I love eggplant parm, but just like any other foodies, I find it to be a bit boring. My mom makes these delicious thin and crispy eggplant cutlets once in a while, which remind me of eggplant parm. So I decided to use those and whip up something that was similar to an eggplant parm, but just jazzed up. I think this recipe is great for a weekend brunch!


Open Faced Crispy Eggplant Sandwich:

  • 1 large Italian eggplant – thinly sliced (1/8 of an inch thick)
  • couple tbsp course salt
  • 1 cup Italian style breadcrumbs
  • 1 cup lowfat buttermilk
  • 1 tsp chili powder
  • olive oil
  • 2 ciabatta rolls – each roll should be sliced in 4 thin slices
  • 1/4 cup lowfat mayo
  • 3-4 tbsp pesto
  • 1 bell pepper – thinly sliced
  • 1 large red onion – thinly sliced
  • 1 jalapeño – thinly sliced
  • 1 clove garlic – thinly sliced
  • 2 tsp dried oregano
  • 1/4 cup reduced fat shredded mozzarella
  • 1 beefsteak tomato – finely chopped
  • salt
  • black pepper


1. First lay the eggplant slices in a colander (or baking sheet with holes) sprinkle generously with the course salt and let sit until all the moisture seeps out. About 30 minutes.
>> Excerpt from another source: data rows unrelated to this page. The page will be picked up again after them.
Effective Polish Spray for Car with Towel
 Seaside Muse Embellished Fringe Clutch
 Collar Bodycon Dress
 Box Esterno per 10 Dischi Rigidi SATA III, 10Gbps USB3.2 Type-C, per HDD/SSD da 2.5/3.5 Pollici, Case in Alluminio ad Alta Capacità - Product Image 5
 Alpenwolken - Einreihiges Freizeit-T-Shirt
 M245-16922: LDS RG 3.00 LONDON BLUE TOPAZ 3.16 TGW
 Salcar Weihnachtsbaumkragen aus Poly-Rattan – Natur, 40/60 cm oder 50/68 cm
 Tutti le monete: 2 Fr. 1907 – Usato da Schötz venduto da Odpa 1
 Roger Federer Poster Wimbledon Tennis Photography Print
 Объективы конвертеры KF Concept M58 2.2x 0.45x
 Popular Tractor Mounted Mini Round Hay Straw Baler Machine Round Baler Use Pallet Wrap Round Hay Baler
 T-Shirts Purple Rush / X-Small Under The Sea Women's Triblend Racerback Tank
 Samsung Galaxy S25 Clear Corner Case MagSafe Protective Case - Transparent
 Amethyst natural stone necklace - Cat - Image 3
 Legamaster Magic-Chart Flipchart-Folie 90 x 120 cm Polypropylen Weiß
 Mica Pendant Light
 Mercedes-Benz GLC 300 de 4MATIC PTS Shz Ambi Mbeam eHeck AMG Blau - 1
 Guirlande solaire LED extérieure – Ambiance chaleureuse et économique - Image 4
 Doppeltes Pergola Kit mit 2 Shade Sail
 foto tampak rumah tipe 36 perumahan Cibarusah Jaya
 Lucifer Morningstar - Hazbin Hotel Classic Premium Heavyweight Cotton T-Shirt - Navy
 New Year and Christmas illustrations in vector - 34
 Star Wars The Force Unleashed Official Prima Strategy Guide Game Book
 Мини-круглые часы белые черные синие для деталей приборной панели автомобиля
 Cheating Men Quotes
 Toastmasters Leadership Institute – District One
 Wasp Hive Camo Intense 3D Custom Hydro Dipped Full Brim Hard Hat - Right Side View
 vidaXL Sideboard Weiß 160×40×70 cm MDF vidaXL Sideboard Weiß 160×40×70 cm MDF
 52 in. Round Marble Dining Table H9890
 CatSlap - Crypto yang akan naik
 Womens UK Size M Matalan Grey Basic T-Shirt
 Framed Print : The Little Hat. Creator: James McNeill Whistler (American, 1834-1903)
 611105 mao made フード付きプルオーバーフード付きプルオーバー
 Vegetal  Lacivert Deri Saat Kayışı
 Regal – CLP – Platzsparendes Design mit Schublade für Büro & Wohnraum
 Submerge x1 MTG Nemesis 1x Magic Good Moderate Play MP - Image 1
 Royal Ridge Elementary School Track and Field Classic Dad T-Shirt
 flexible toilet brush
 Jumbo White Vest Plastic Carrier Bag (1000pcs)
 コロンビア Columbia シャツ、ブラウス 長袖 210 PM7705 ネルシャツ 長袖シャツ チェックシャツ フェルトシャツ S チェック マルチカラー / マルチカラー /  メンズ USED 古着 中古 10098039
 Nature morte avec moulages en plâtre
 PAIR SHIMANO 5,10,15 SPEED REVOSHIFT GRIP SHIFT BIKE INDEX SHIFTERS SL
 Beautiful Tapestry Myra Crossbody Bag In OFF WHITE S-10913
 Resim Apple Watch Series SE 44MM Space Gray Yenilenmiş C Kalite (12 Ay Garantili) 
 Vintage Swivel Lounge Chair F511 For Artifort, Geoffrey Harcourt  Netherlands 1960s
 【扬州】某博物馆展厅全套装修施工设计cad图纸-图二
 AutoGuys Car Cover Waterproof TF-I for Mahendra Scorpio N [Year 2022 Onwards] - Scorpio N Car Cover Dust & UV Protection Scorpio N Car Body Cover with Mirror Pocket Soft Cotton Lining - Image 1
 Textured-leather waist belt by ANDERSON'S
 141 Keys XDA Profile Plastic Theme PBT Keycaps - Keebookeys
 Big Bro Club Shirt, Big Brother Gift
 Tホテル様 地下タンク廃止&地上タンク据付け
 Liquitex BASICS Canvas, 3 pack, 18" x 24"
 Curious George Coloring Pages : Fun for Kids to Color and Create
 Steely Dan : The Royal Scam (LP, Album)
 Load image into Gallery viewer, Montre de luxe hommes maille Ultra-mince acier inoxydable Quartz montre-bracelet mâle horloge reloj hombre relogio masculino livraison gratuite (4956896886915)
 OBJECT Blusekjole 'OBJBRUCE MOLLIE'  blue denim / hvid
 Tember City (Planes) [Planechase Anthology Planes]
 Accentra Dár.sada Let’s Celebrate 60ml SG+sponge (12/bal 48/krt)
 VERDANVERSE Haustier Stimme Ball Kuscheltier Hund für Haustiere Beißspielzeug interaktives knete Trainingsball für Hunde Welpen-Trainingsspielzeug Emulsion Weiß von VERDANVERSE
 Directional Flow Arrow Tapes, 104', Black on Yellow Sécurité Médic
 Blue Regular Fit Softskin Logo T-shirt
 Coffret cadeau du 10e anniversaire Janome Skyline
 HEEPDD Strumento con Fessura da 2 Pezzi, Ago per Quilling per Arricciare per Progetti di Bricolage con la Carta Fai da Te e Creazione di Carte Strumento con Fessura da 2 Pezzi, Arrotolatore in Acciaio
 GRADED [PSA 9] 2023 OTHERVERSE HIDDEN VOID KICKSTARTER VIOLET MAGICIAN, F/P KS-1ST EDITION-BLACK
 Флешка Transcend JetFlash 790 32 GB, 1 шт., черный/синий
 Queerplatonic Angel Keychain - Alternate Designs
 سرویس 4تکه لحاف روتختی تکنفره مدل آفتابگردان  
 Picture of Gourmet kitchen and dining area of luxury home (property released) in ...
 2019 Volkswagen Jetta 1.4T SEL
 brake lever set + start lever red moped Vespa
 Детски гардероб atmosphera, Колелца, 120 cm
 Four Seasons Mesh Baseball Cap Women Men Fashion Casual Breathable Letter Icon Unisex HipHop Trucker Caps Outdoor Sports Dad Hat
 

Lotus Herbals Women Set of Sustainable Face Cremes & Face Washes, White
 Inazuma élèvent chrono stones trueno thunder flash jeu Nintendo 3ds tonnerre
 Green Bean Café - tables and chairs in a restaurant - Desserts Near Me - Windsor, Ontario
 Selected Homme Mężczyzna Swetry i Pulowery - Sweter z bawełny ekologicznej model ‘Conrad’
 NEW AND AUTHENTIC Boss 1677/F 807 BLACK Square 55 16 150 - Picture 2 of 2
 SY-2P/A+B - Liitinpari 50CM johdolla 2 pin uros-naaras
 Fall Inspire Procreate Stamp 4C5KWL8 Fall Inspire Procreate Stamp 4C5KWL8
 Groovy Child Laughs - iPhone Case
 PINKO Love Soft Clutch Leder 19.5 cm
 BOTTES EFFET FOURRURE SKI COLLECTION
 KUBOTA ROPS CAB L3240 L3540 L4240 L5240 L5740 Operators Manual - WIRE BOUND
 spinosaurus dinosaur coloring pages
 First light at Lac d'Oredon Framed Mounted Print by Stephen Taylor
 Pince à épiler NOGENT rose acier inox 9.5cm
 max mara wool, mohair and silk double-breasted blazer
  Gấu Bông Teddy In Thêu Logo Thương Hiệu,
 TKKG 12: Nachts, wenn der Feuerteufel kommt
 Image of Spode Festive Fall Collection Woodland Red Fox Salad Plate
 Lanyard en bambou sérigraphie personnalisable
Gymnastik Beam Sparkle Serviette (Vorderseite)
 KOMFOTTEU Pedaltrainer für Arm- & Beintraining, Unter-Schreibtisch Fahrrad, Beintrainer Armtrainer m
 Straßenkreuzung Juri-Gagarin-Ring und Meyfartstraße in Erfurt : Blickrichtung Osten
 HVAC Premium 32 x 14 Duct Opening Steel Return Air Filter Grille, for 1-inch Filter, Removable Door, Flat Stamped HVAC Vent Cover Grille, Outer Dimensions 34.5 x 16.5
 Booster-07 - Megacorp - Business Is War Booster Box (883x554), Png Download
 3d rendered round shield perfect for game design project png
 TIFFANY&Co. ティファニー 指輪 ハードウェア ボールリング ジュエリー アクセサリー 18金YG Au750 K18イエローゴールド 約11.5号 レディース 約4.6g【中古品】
2. Set up an assembly line with the buttermilk in a shallow dish and the breadcrumbs in a shallow dish. Take the salted eggplant slices and first dip in buttermilk on both sides and then coat with the breadcrumbs on both sides, making sure to pat in the breadcrumbs until they adhere. While you’re preparing the slices, heat a large non-stick skillet over medium flame spray with PAM and pour in olive oil to coat the pan. Place the slices into the pan and pan sear on both sides until the breadcrumbs are dark brown and the eggplant is cooked through. Set aside.

3. In a small bowl, mix together the mayo and 2 tbsp pesto. Set aside.

4. In the same skillet that you cooked the eggplant in, remove an access/burnt crumbs and set over medium flame. Spray with PAM and add in the bell peppers, onions, jalapenos, and garlic. Saute for about 2 minutes. Add in the oregano, and a sprinkle of salt and pepper. Continue to saute over medium-low flame until vegetable begin to soften and caramelize. While that’s cookies, mix together remaining 2 tbsp of pesto and chopped tomatoes in a small bowl. Set aside. Once veggies have cooked and become soft, remove from the pan.

5. Spray both sides of each of the slices of ciabatta. Place on the same pan to toast until golden brown. While the slices are still sitting in the pan (I just did 2 at a time), spread with about 1 tbsp of pesto mayo, place 2 slices of crispy eggplant, top with a generous amount of sauteed veggies, top with shredded cheese and heat over low flame. I place a steel bowl over it so the cheese melts. Remove from the pan and place on a serving dish. Top with pesto tomatoes and a smear of pesto-mayo on the side. Delish!